[JURIST] A judge for the US District Court for the District of Columbia [official website] on Tuesday struck down [opinion, PDF] a law banning protests and demonstrations in the plaza of the US Supreme Court. Enacted in 1949, the law served to protect the grounds from vandalism but also prohibited processions, parades and the display of banners supporting a particular cause or party, with violators risking a fine and up to 60 days in prison. Judge Beryl Howell found the 64-year-old law “unreasonable, substantially overbroad and irreconcilable with the First Amendment.” As written, the law [40 USC § 6135] applies and provides criminal sanctions to any group parading or assembling, from peaceful protesters to a “line of preschool students from federal agency daycare centers, holding hands with chaperones, parading on the plaza on their first field trip to the Supreme Court.” Howell also rejected the government’s argument that the law preserved the appearance of the court as a body unswayed by external influences, stating:
It is hard to imagine how tourists assembling on the plaza wearing t-shirts bearing their school’s seal, for example, could possibly create the appearance of a judicial system vulnerable to outside pressure. While there may be a legitimate interest in protecting the decorum of the judiciary, the challenged statute is not a reasonable way to further that interest.

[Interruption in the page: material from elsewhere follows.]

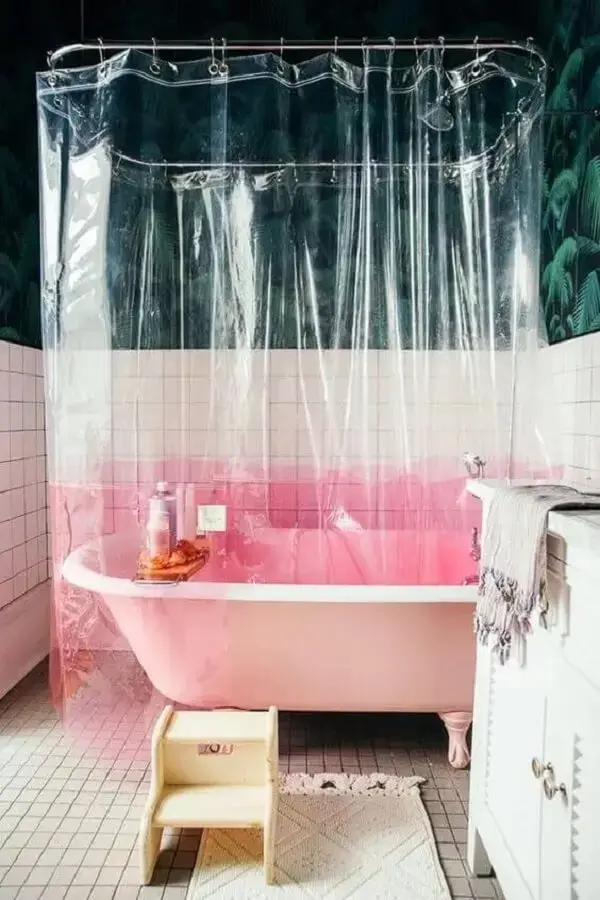 Cortina para box de banheiro com varão traz um toque charmoso para o décor. Fonte: Casa Vogue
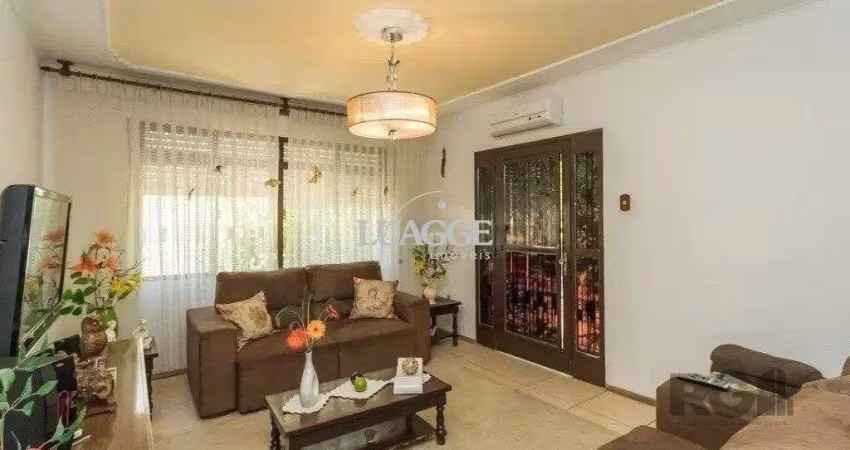 Casa de 3 dormitórios no bairro Jardim Carvalho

Howell’s order will apply only to the plaza of the Supreme Court.
The case was brought to the by Harold Hodge and the Rutherford Institute [advocacy website], after Hodge was arrested in January 2011 for wearing a sign protesting the treatment of minorities by law enforcement. The Rutherford institute applauded Howell’s decision, stating [press release] that the decision “throws a lifeline to the First Amendment at a time when government officials are doing their best to censor, silence and restrict free speech activities.”